━━ Data extract ━━
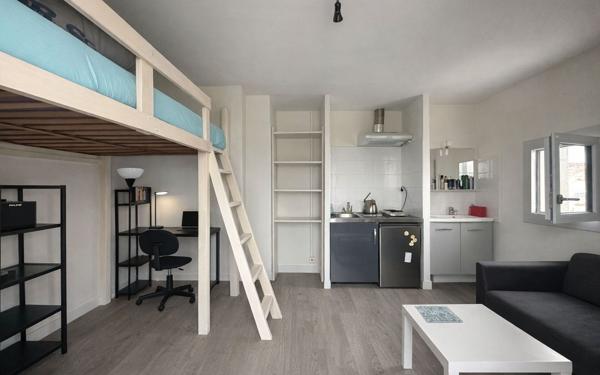 Appartement à louer    1 pièce •  Toulouse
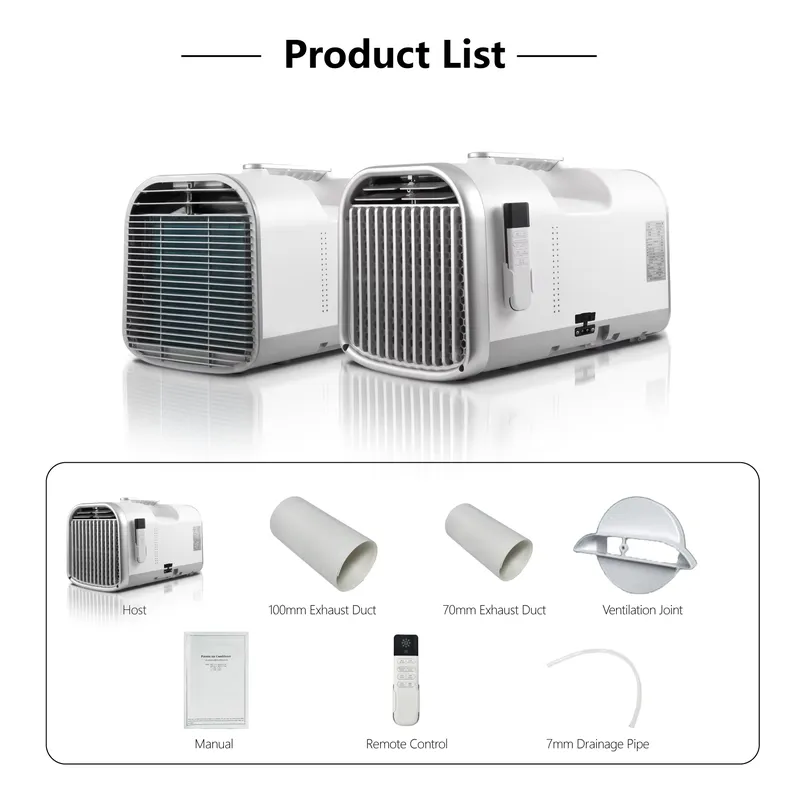 Hot Sale High Quality 5200 BTU - Outdoor Camping Air Conditioner reseña y precio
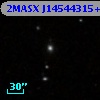 2MASX J14544315+2719316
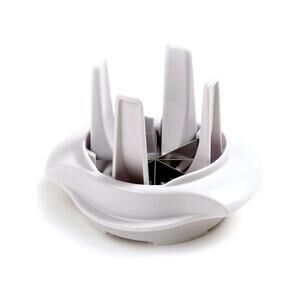 Norpro Lemon Lime Slicer 8-Wedge Citrus Cutter Wedger White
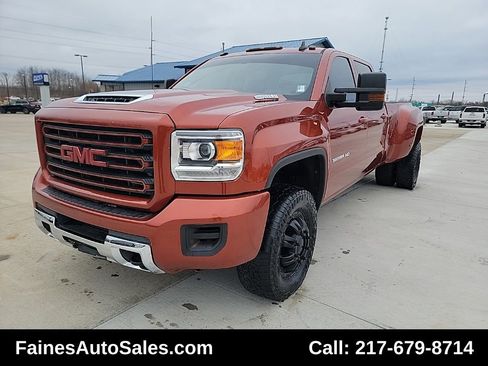 Used 2017 GMC Sierra 3500 4x4 Crew Cab w/ Sierra Convenience Package image 1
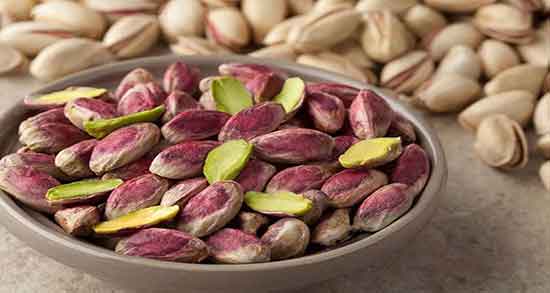 تعبیر خواب پسته تازه با پوست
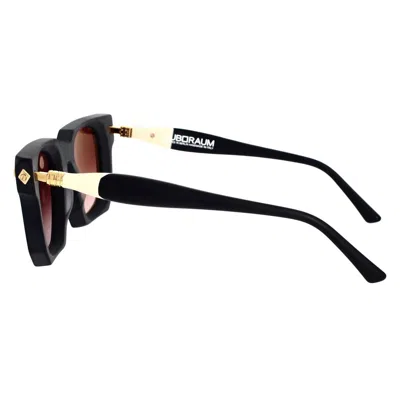 Shop Kuboraum Sunglasses In Black Matte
━━━
(Exercise details):
Word for word, quote the lines above. Omit the pictures.

(The answer):
 Appartement à louer    1 pièce •  Toulouse
 Hot Sale High Quality 5200 BTU - Outdoor Camping Air Conditioner reseña y precio
 2MASX J14544315+2719316
 Norpro Lemon Lime Slicer 8-Wedge Citrus Cutter Wedger White
 Used 2017 GMC Sierra 3500 4x4 Crew Cab w/ Sierra Convenience Package image 1
 تعبیر خواب پسته تازه با پوست
 Shop Kuboraum Sunglasses In Black Matte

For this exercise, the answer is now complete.